Given material —
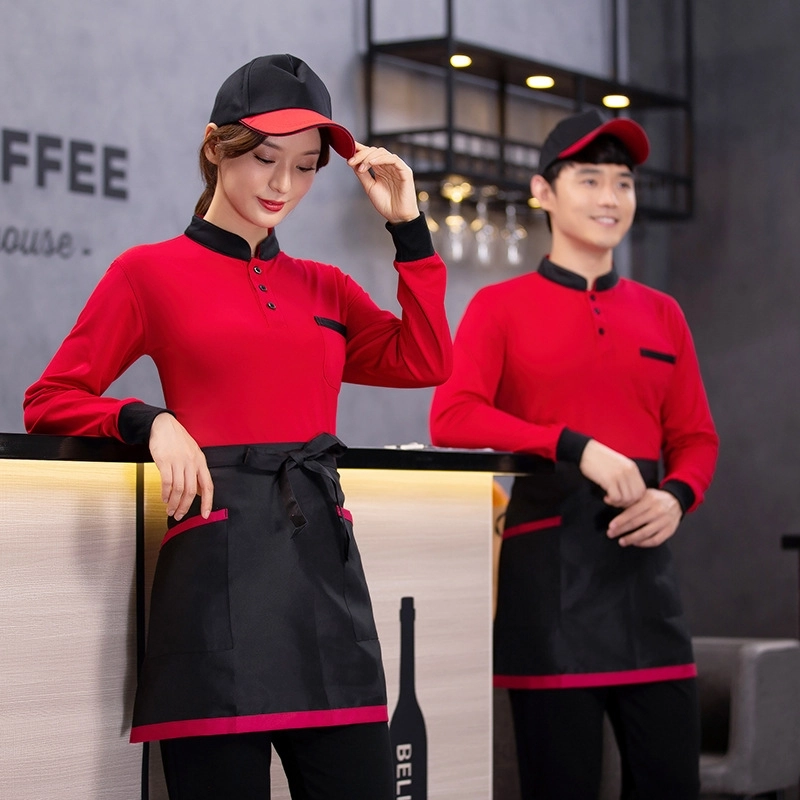 2025  high quality long sleeve pub  waiter waitress tshirt uniform factory supplier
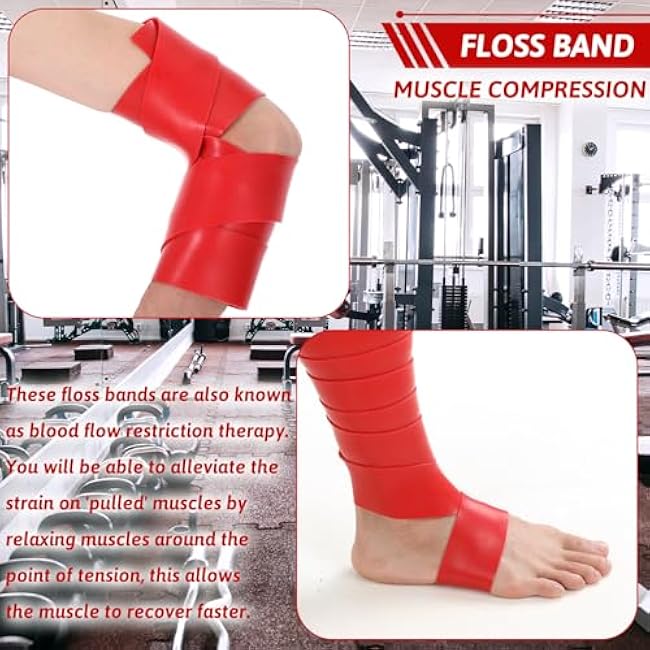 2 Pcs Muscle Floss Bands, Compression Bands with Storage Bag, Mobility and Recovery Bands for Improving Movement, Increasing Circulation & Reducing Soreness (Red & Black)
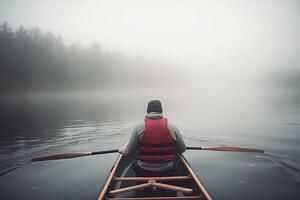 Man boat foggy. Generate Ai photo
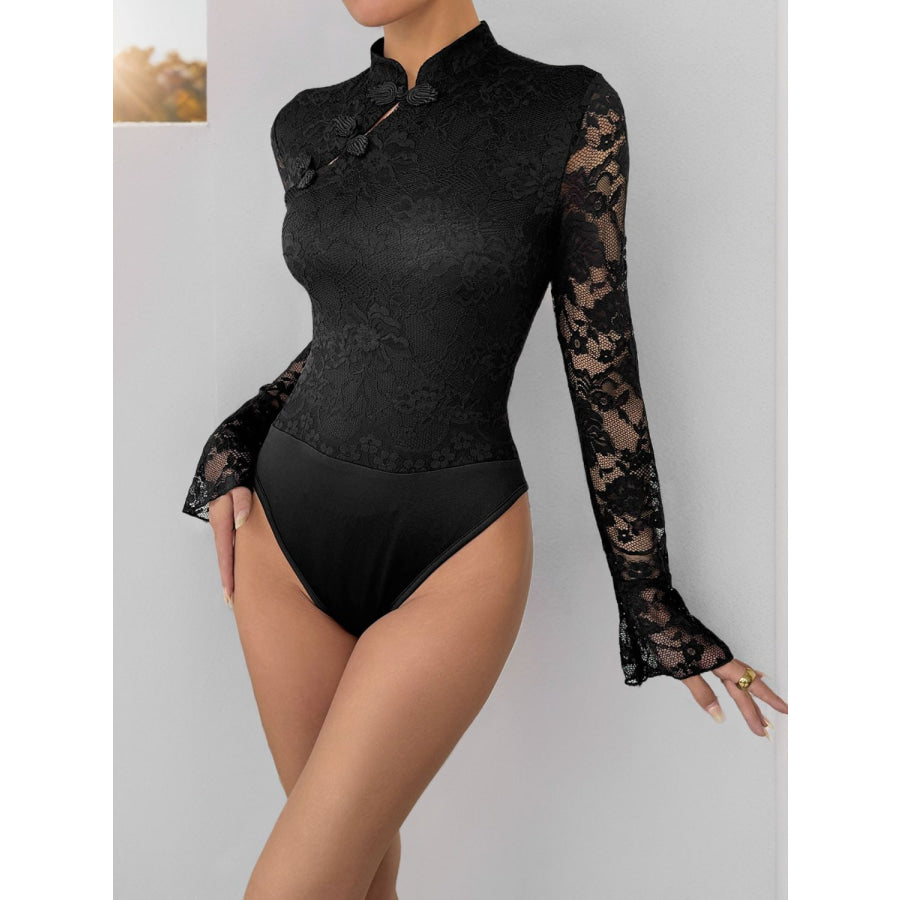 Perfee Lace Mock Neck Long Sleeve Bodysuit Apparel and Accessories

To do —
Leave every picture out. Retype the remaining data exactly.

Task result —
 2025  high quality long sleeve pub  waiter waitress tshirt uniform factory supplier
 2 Pcs Muscle Floss Bands, Compression Bands with Storage Bag, Mobility and Recovery Bands for Improving Movement, Increasing Circulation & Reducing Soreness (Red & Black)
 Man boat foggy. Generate Ai photo
 Perfee Lace Mock Neck Long Sleeve Bodysuit Apparel and Accessories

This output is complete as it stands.